Scraped caption text data
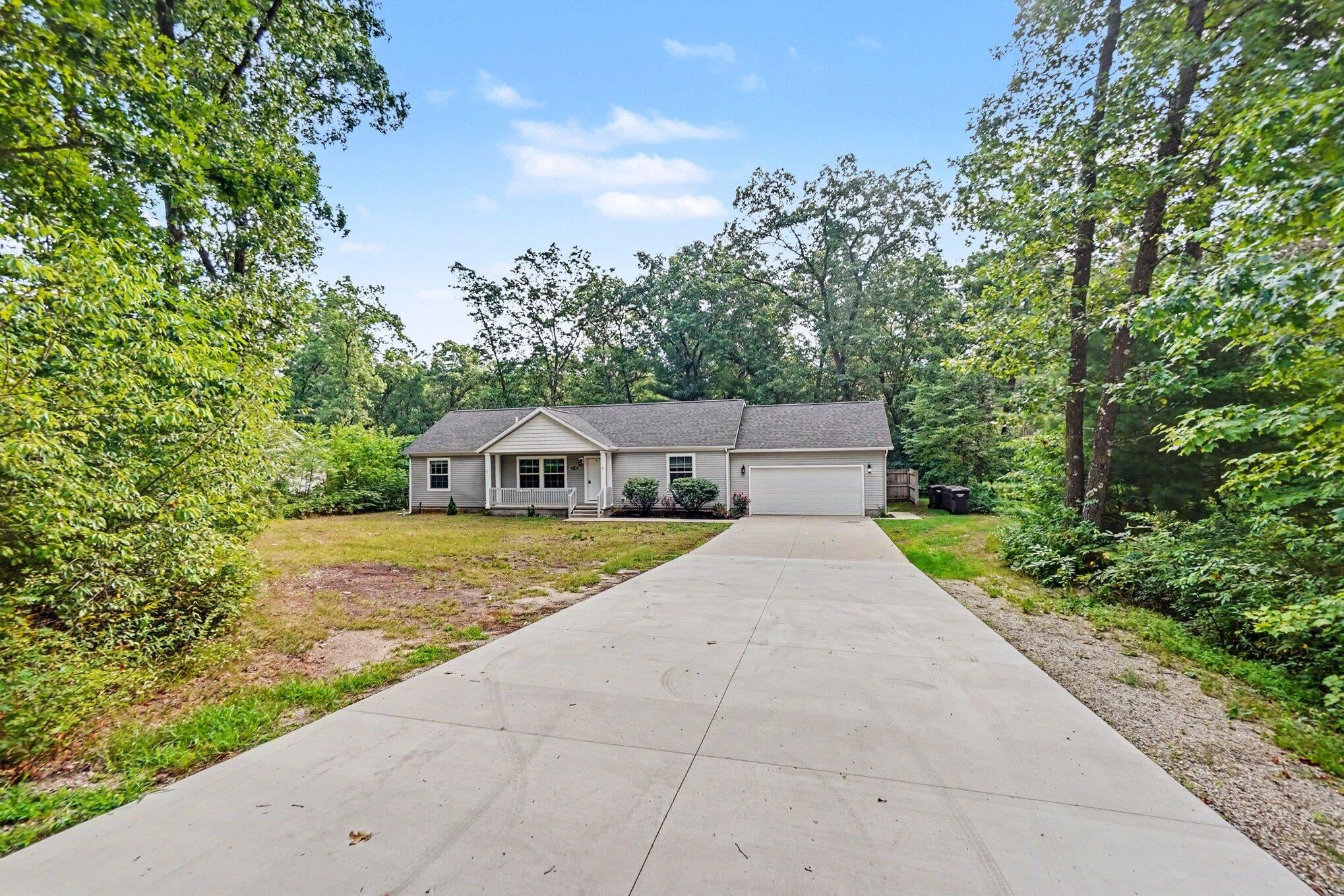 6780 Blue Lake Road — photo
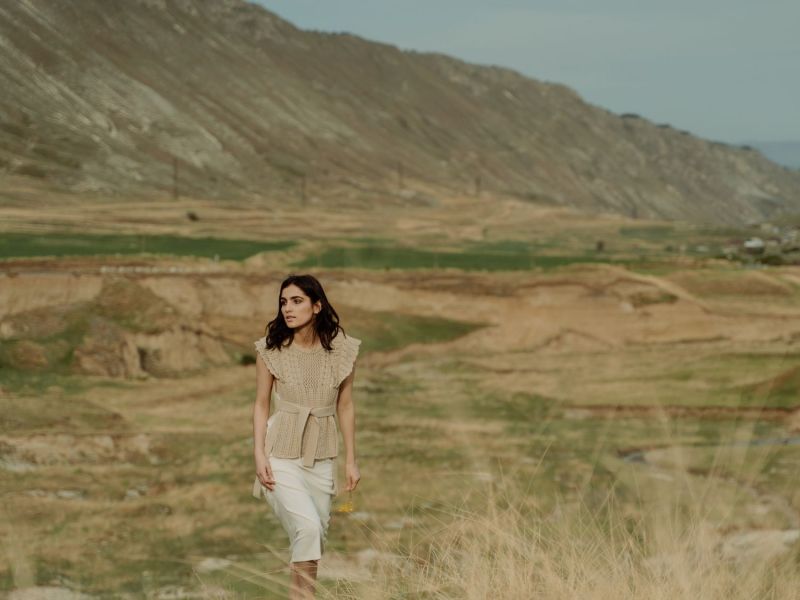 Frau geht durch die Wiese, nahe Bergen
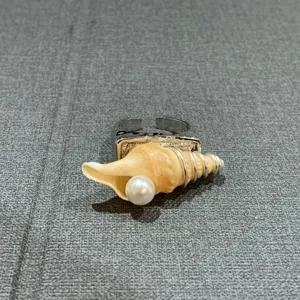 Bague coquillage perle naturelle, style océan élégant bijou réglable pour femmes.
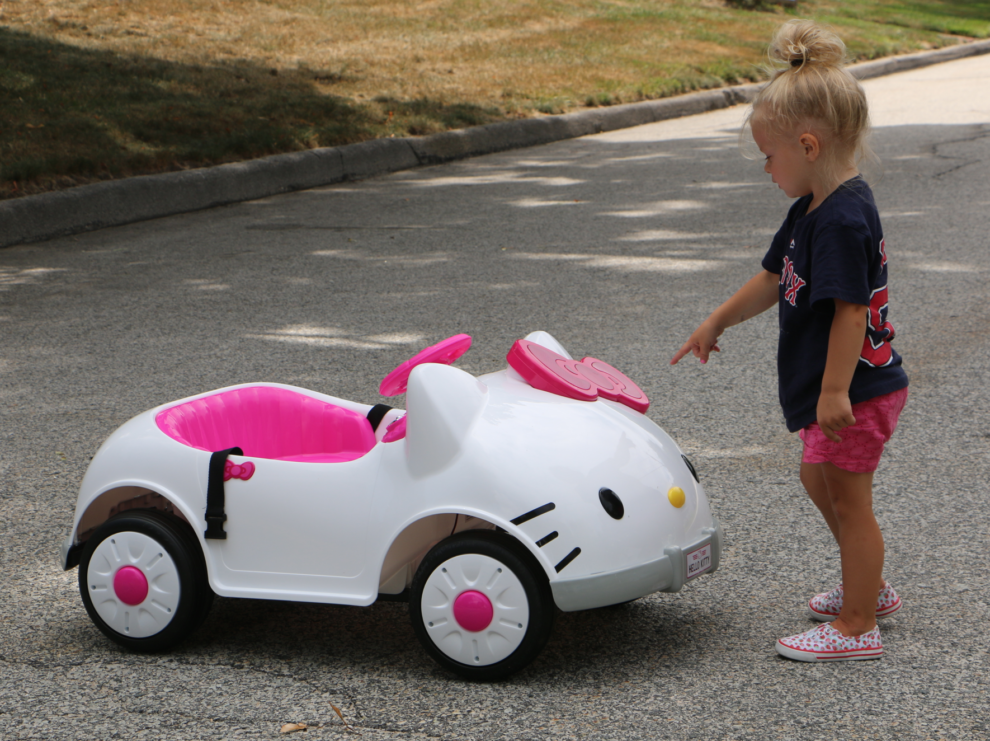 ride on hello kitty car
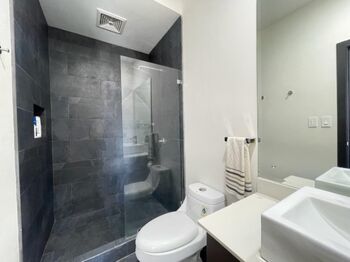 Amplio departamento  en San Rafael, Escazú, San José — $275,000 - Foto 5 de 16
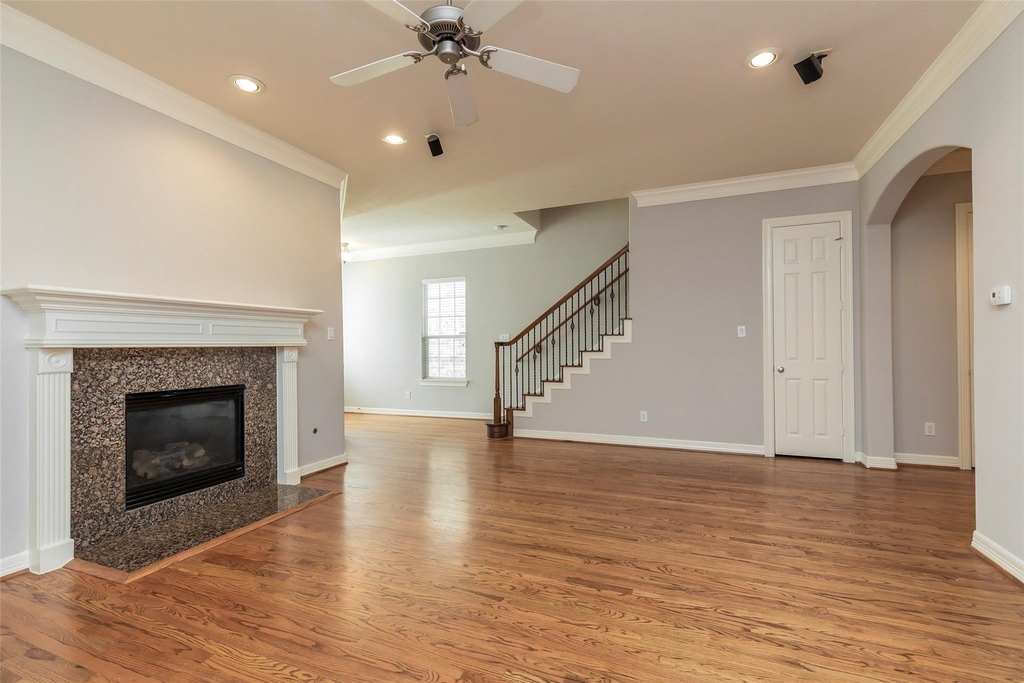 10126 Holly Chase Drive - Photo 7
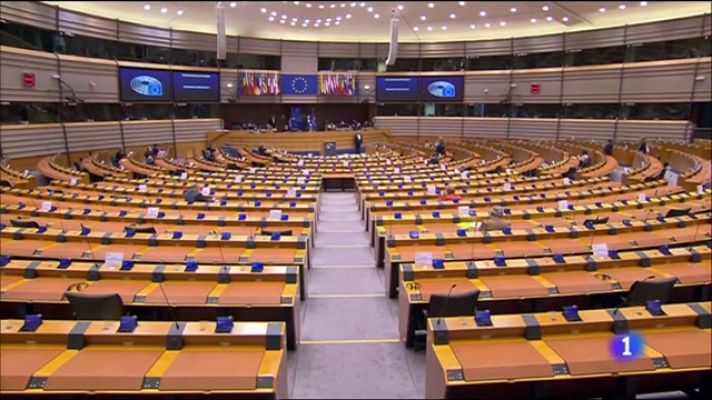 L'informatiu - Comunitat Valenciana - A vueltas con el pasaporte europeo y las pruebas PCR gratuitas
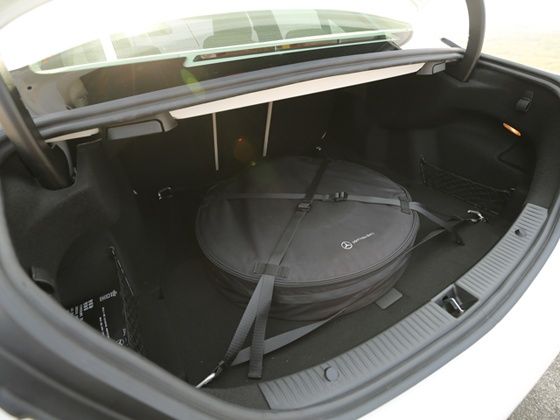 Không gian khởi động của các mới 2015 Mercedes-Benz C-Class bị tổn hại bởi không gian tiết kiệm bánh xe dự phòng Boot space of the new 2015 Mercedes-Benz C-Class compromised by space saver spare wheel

#### Work task:
All that should be returned is the run of lines from the start of the entries above to the line bearing "L'informatiu - Comunitat", each exact, with pictures omitted.

#### Solution:
 6780 Blue Lake Road — photo
 Frau geht durch die Wiese, nahe Bergen
 Bague coquillage perle naturelle, style océan élégant bijou réglable pour femmes.
 ride on hello kitty car
 Amplio departamento  en San Rafael, Escazú, San José — $275,000 - Foto 5 de 16
 10126 Holly Chase Drive - Photo 7
 L'informatiu - Comunitat Valenciana - A vueltas con el pasaporte europeo y las pruebas PCR gratuitas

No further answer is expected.